La qualité des institutions est en ce sens déterminée par la qualité des règles qui régissent l’organisation humaine. Ces règles sont d’autant plus transparentes, évolutives et impartiales, que l’état de l’art du système est performant. Sinon, les risques d’assujettir, explicitement ou implicitement, l’organisation publique à la raison individuelle ou à celle d’un groupe d’individus, sont a priori envisagés. En effet, l’environnement institutionnel dans son élément officiel, qui semble plus important dans la transition actuelle, est déterminé par deux composantes à savoir (1) les règles portant droits fondamentaux (la Constitution) et (2) le système juridique déterminant le fonctionnement de l’Etat et le processus de prise de décisions démocratiques.

Au sein de cet environnement institutionnel, des individus et des organisations évoluent selon des arrangements institutionnels. C’est à l’Etat de garantir en dernière instance le respect des règles de jeu ainsi établies et adoptées. Dans ce contexte, plus la transition est rapide, et plus sont faibles les coûts supportés par les agents. En revanche, plus les institutions anciennes et nouvellement créées sont consolidées, et plus est longue la durée de la transition. Nous nous intéressons à apporter un éclairage supplémentaire sur les enjeux de la mise en place d’institutions post-14 en Tunisie ainsi que sur le rôle assigné à l’Etat dans la gestion de cet épineux arbitrage.

1.Quelques concepts utiles à l’analyse économique du rôle institutionnel de l’Etat

Pour les économistes, les Institutions économiques se présentent comme un gisement de croissance puisqu’elles sont appelées à préserver les droits de propriété et les droits contractuels. L’institution est non seulement une composante principale du climat des affaires, mais aussi un catalyseur de rendement des facteurs, de pérennité de l’entreprise, d’initiative individuelle et de répartition.

L’institution est par ailleurs envisagée comme palliatif aux défaillances du marché. C’est de ce point de vue que l’Etat, synthèse de la société et sa force concentrée, est appelé à respecter et faire respecter les institutions. Pour cela, il faudrait qu’il soit Fort et Engagé.

a-Un Etat Fort, en ce sens qu’il est d’abord légitime et a suffisamment de ressources et de capacités à créer, spécifier et identifier les institutions efficientes, les respecter et les faire respecter.

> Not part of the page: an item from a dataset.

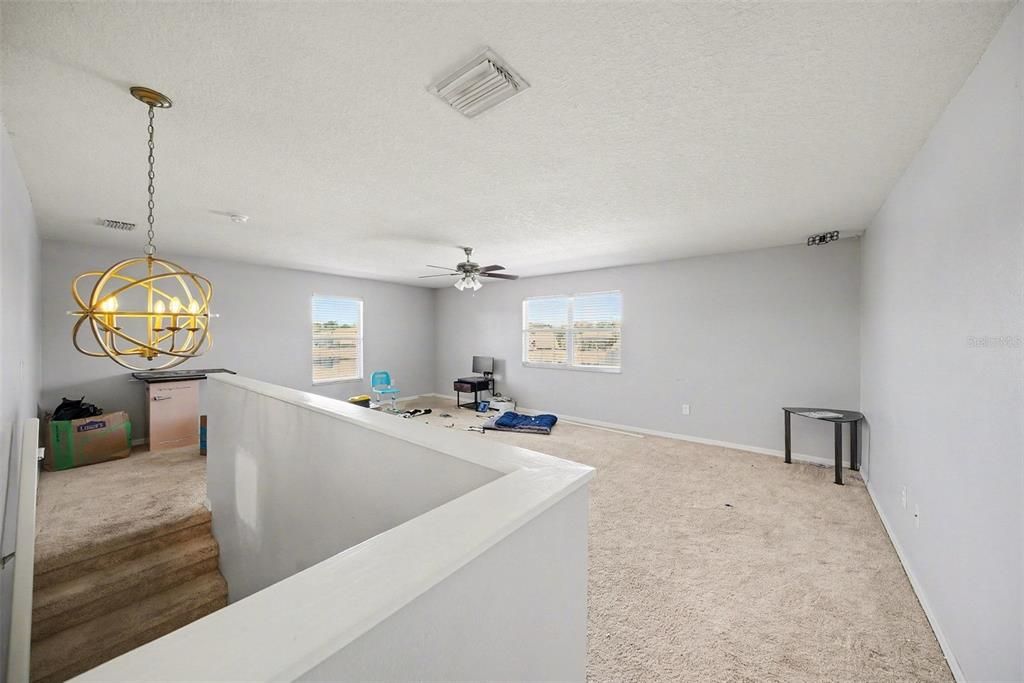 Activo con contrato: $490,000 (5 camas, 4 baños, 3041 Pies cuadrados)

D’autres points de vue expriment le pouvoir de l’Etat par le faible coût d’opportunité liés à la création d’institutions efficientes, et des coûts élevés (subis par les citoyens) liés à la résistance à ces institutions. Pendant la longue période de l’ancien régime, le coût d’opportunité de la création d’institutions efficientes semblait être très élevé pour l’Etat, ce qui explique leur rareté et par là la quasi-inexistence de preuve de résistance de la part des tunisiens organisés (ou non) en institutions.

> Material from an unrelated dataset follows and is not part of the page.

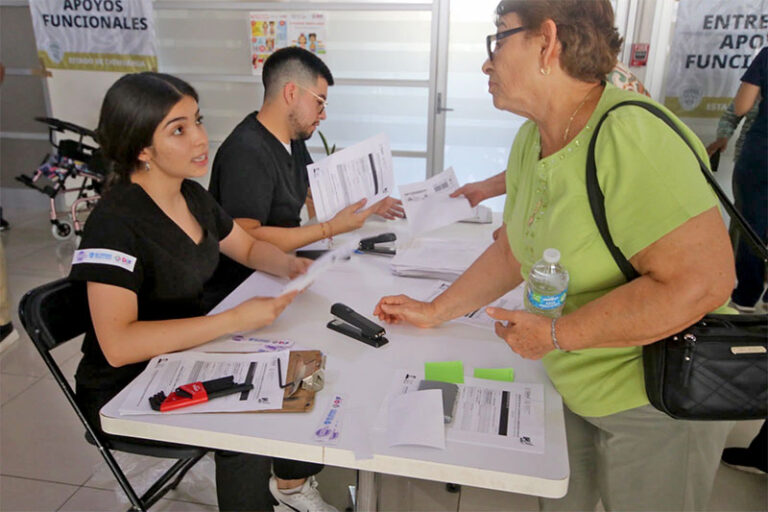 Beneficiarán DIF Estatal y Secretaría de Salud a 50 personas con cirugías de prótesis de rodilla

b-Un Etat engagé : En dehors de son mandat électoral, l’Etat est appelé à être Engagé dans les réformes, ainsi que dans la mise en place des mécanismes qui garantissent les droits de propriété et d’empêcher la naissance de mécanismes de corruption, i.e. responsable et réceptif.

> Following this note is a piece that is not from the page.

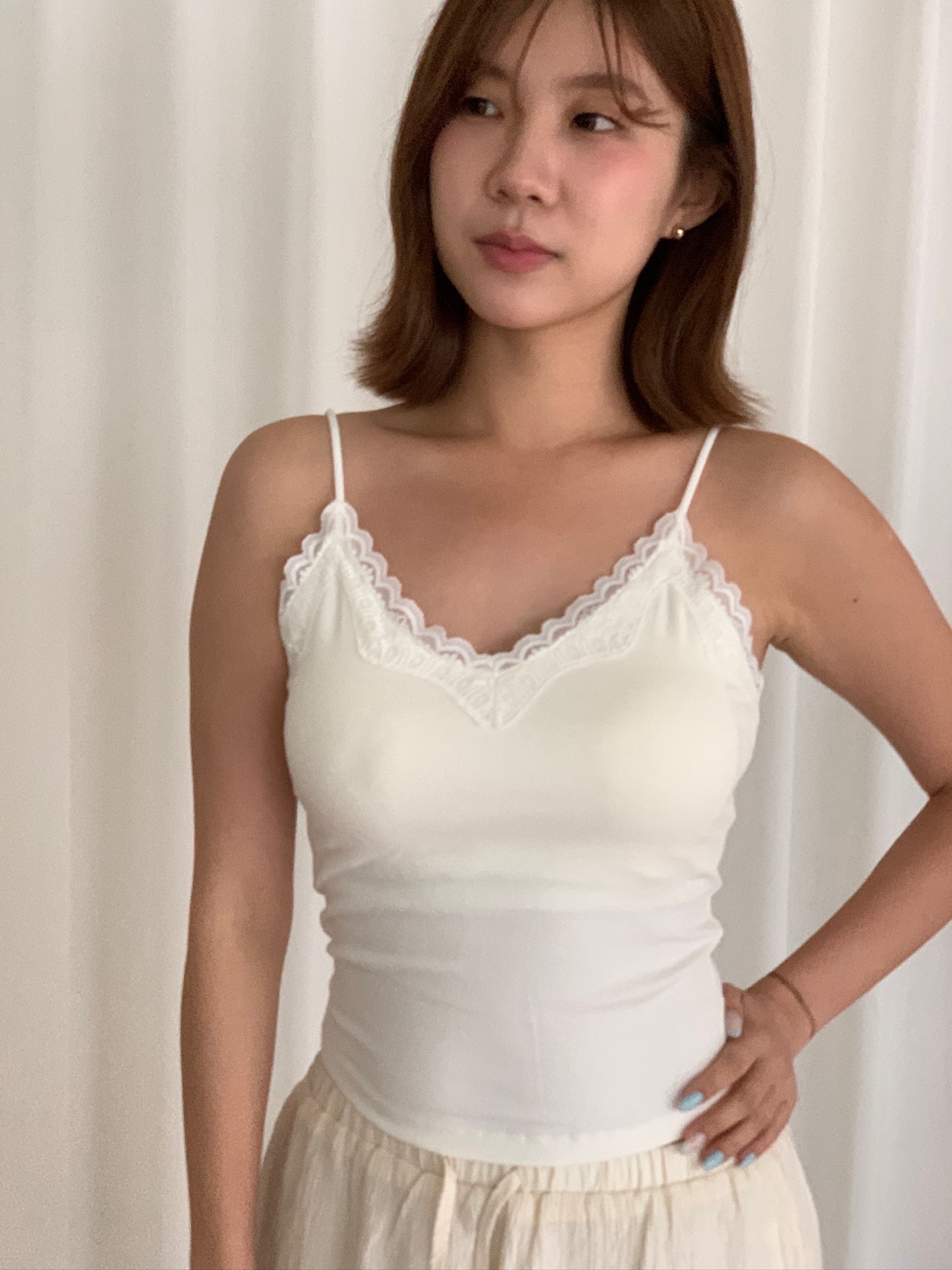 （現貨）蕾絲V領bra top（杏）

Le fait que l’Etat fournit toutes les informations est si important à cause non seulement de la minimisation des coûts subis par les individus pour les obtenir, mais aussi du fait qu’il soit plus contrôlé par des institutions indépendantes qu’il crée. Et là, on parle aussi bien de transparence, de possibilité de redevabilité que de participation. A défaut, les informations deviennent très couteuses, leur demande diminue et le profil discrétionnaire de l’Etat s’établit. Dans ce cas les asymétries d’information occasionnent des privilèges et des avantages de mauvaise gouvernance affectant la qualité des institutions et par là celle de la transition. Dans ce cas l’engagement de l’Etat diminue ainsi que sa puissance.

c-Un Etat Réceptif,
c’est qu’il permet, par la loi, la naissance d’institutions politiques faisant le contrepoids ou le contre-pouvoir

La (in)-stabilité politique (souvent mesurée par le nombre de changements d’équipes dirigeantes par unité de temps), traduite entre autres par la puissance de l’Etat et de l’étendue de son engagement, devrait être conçue dans une forme institutionnelle démocratique et non despotique, sinon l’analyse de la transition dans les termes institutionnels perd son contenu.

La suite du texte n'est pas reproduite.